» Task instructions
The expected output is an exact copy of the lines from the one containing "Tenisky a topánky" through the final line of the entries below, with no images.

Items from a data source
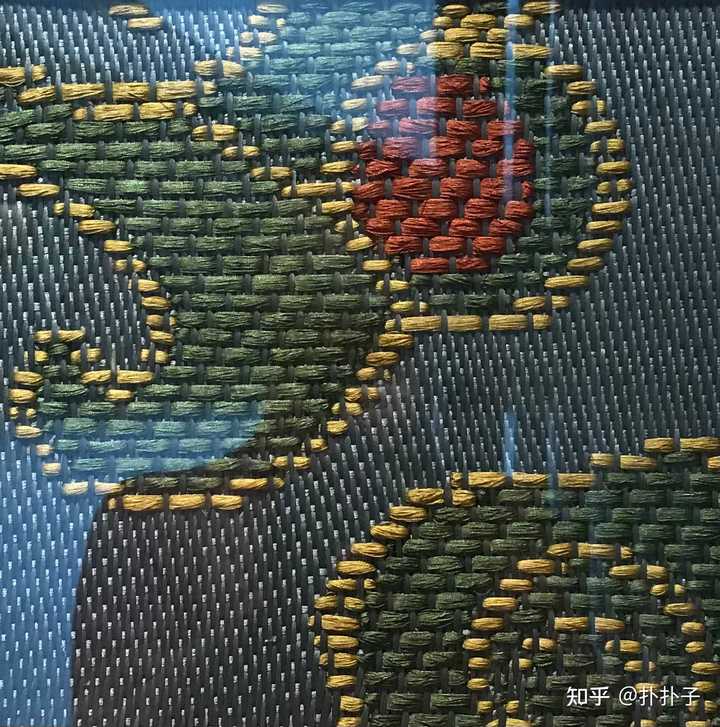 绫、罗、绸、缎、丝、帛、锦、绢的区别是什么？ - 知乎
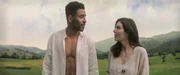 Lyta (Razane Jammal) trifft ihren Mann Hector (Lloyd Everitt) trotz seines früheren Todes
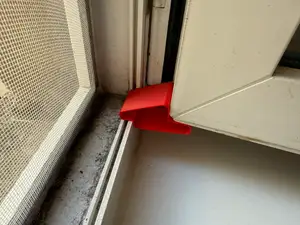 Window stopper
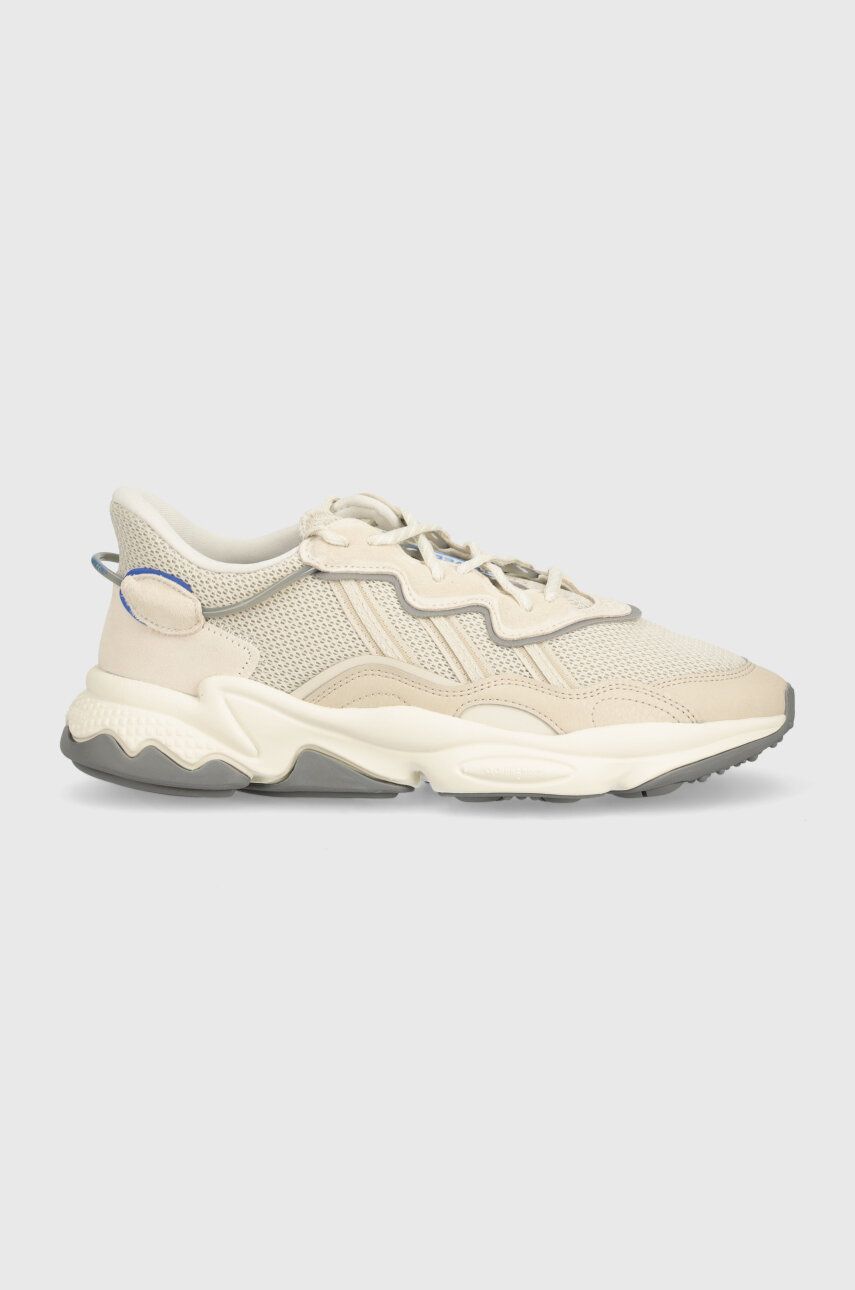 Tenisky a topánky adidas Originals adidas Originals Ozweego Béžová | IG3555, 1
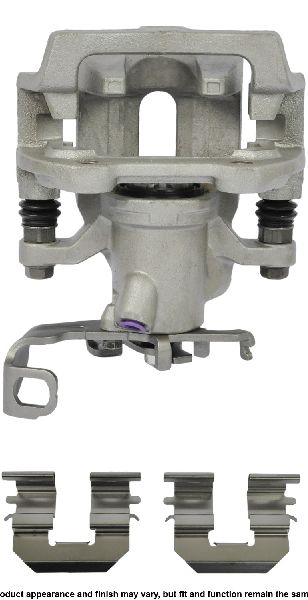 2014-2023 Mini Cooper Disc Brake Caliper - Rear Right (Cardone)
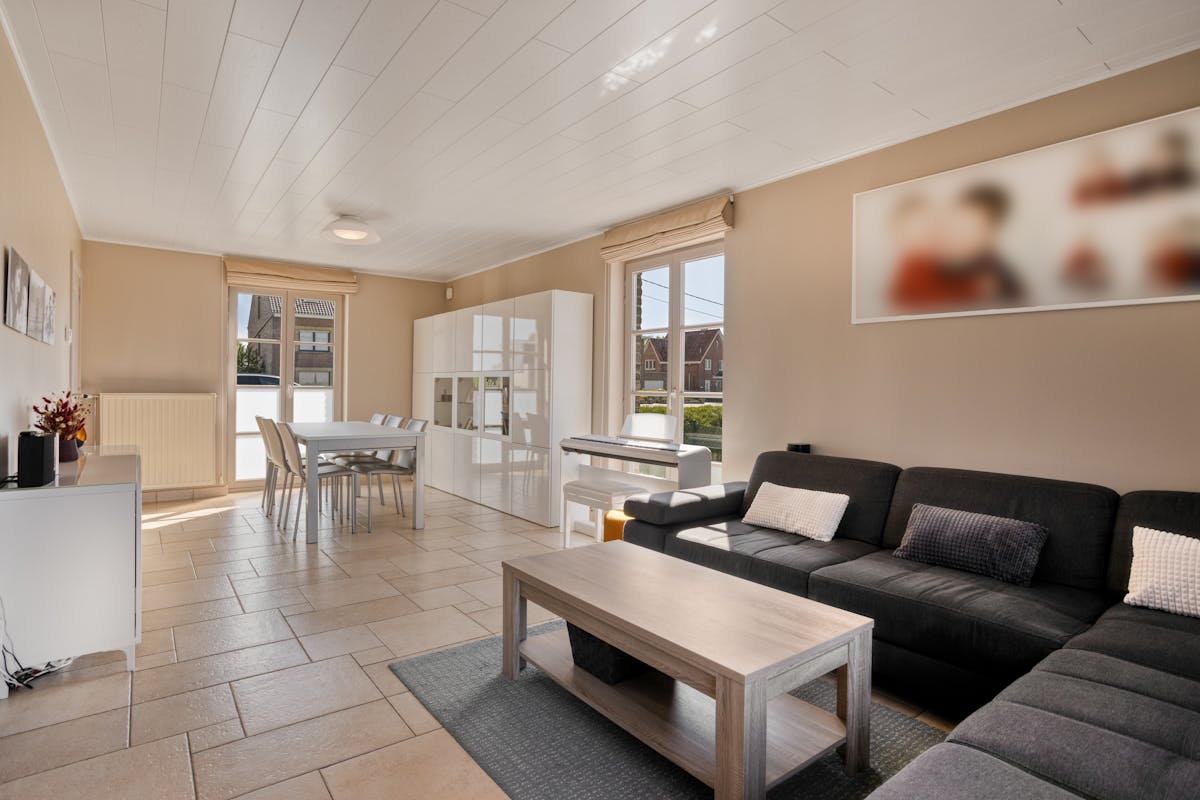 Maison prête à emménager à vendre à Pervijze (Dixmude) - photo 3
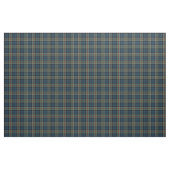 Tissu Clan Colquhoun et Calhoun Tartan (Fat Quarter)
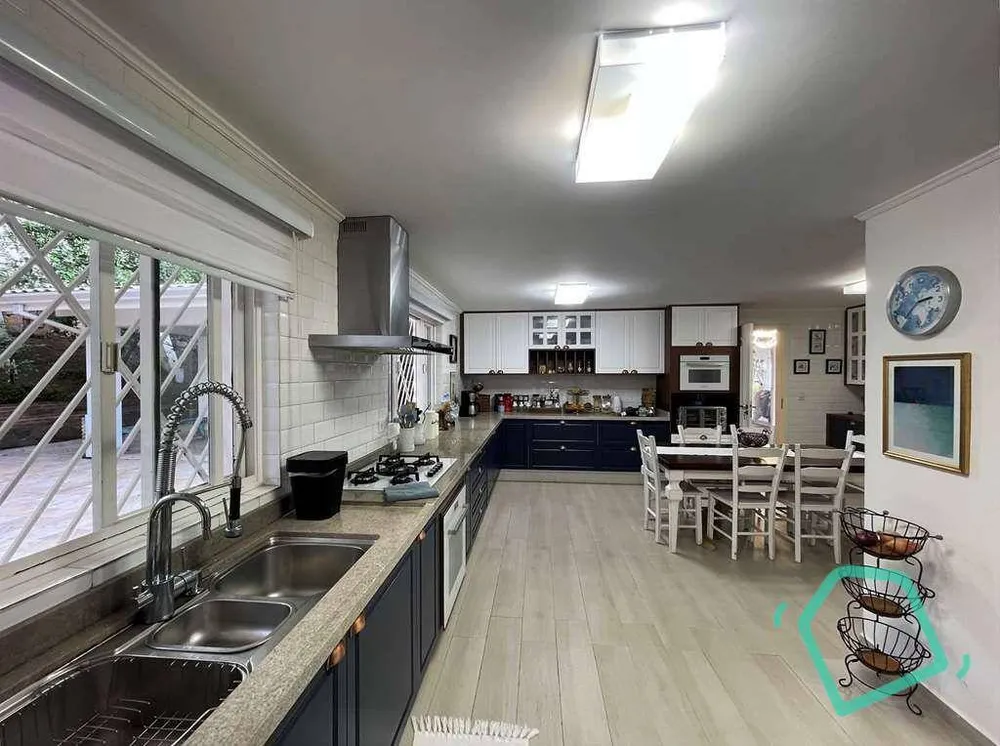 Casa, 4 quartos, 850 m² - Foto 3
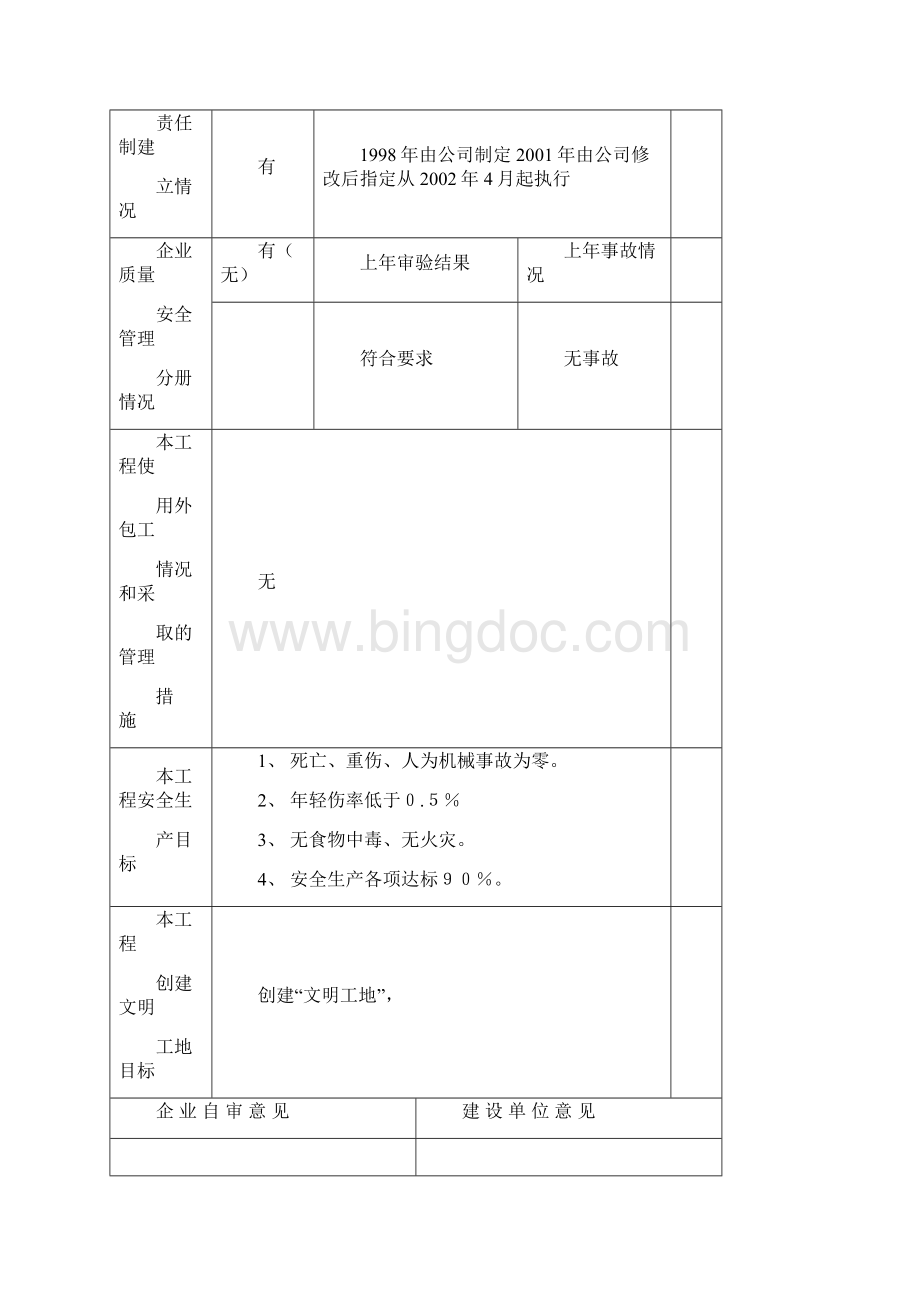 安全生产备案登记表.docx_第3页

» Response to the exercise
 Tenisky a topánky adidas Originals adidas Originals Ozweego Béžová | IG3555, 1
 2014-2023 Mini Cooper Disc Brake Caliper - Rear Right (Cardone)
 Maison prête à emménager à vendre à Pervijze (Dixmude) - photo 3
 Tissu Clan Colquhoun et Calhoun Tartan (Fat Quarter)
 Casa, 4 quartos, 850 m² - Foto 3
 安全生产备案登记表.docx_第3页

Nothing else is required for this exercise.